# Rideshare insurance is a unicorn



## Papa-R (Jul 5, 2018)

I have spent 3 days trying to get rideshare insurance in NC. It's the same story everywhere. They will not provide coverage while the app is on. During Period 1 you are out of luck. The only thing I can get is an Allstate policy that is $178 a month. That's $178 for the rideshare coverage and does not include the personal policy. This is ridiculous and makes it impractical to drive at all. I've heard these legends of people adding rideshare coverage for $30 a month. How? Where?


----------



## FrankLStanton (Oct 18, 2016)

Your best bet would be to check with your state (Insurance Commissioner) for those companies that provide rideshare insurance, be it a rider on personal or commercial hybrid. The $30/month quotes you are reading about are riders to personal coverage and may not provide the same coverage as commercial or commercial hybrid.


----------



## Papa-R (Jul 5, 2018)

Thanks for the suggestion. Just did that. They told me to contact an independent insurance broker which is who I've been working with for 3 days. <sigh>

It looks like I really only have one choice and that's to turn the app off when I'm moving if I don't have a ride request or passenger. This is unbelievable. I just can't believe this is the only solution other than paying hundreds of dollars a month for a commercial policy.


----------



## FrankLStanton (Oct 18, 2016)

Another source: HERE

I have no affinity to the above site and have found some info on it to be dated but overall an okay resource.


----------



## Papa-R (Jul 5, 2018)

Liberty Mutual no longer offers it. They flat out told me that if the app is on, they don't cover. 

As for Farmer, when I entered my zip code I got "We don't offer coverage in your area".

National General used to offer it but no longer does so. 

Allstate appears to be the only company available and the rates are outrageous (see $178 a month above).

I'm waiting for Gieco to get back to me with a quote on a commercial policy but I'm not hopeful.

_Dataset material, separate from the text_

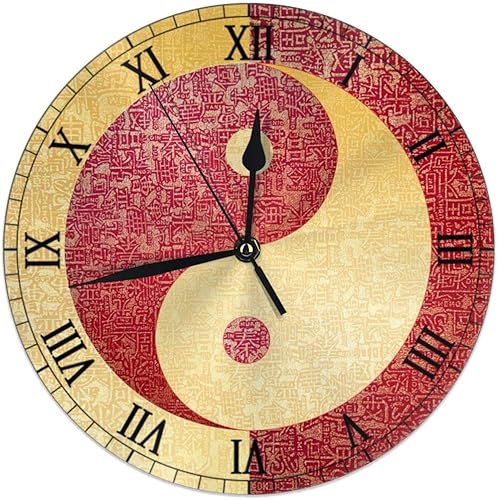 KiuLoam Yin Yang Reloj de pared redondo chino vintage silencioso sin tictac funciona con pilas, fácil de leer para estudiantes, oficina, escuela,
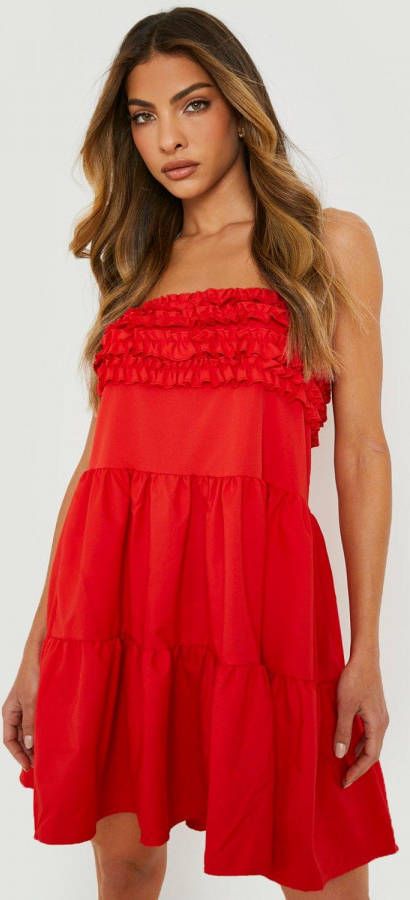 boohoo Strapless Skater Jurk Met Franjes, Red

It looks like my Uber career is over before it even got started.


----------



## Fuzzyelvis (Dec 7, 2014)

Papa-R said:


> Liberty Mutual no longer offers it. They flat out told me that if the app is on, they don't cover.
> 
> As for Farmer, when I entered my zip code I got "We don't offer coverage in your area".
> 
> ...


Lol you said "career"!

Tried Progressive?


----------



## Papa-R (Jul 5, 2018)

Yeah, career is a stretch. Let's say "primary job".

Progressive said I need a commercial policy. I didn't bother calling them for a quote. Can't get a commercial quote online.

NC seems to be the backwater of insurance. We can pick from "Billy-Bobs Insurance and Bait and Tackle" and "Bubbas Auto and Bass Boat Insurance Company"


----------



## FrankLStanton (Oct 18, 2016)

I can almost guarantee GEICO will be as much if not more than Allstate. GEICO offers a commercial hybrid so the quote should include personal coverage unlike your experience with Allstate. Have you asked on the Greensboro forum?


----------



## Papa-R (Jul 5, 2018)

I didn't know about the Greensboro forum. I'll go find that. Thanks.


----------



## uberdriverfornow (Jan 10, 2016)

try state farm


----------



## dryverjohn (Jun 3, 2018)

Wow, I just signed up with Liberty Mutual in June in NC. I told them I was ride share and we went over how coverage is handled. 
I was told when I accept a ping and have a passenger, Uber et. al provides coverage. When I am driving around before ping and after dropoff, Liberty Mutual provides coverage.


----------



## Papa-R (Jul 5, 2018)

<I was told when I accept a ping and have a passenger>

That's periods 2 and 3.

When you accept a ping you are in period 2 so yes, Uber and Lyft provide coverage, Liberty does not. I called Liberty Mutual twice to check with different agents. Both told me the same story; when the app goes on all coverage is void, meaning Uber and Lyft coverage only. So yeah, Uber provides coverage during periods 2 and 3, but during period 1 you do not have collision coverage because Uber doesn't provide it and Liberty Mutual does not provide it because the app is on. The only work around is to not turn the app on unless you are parked or responding to a ride request. If you are just changing locations make sure you turn the app off.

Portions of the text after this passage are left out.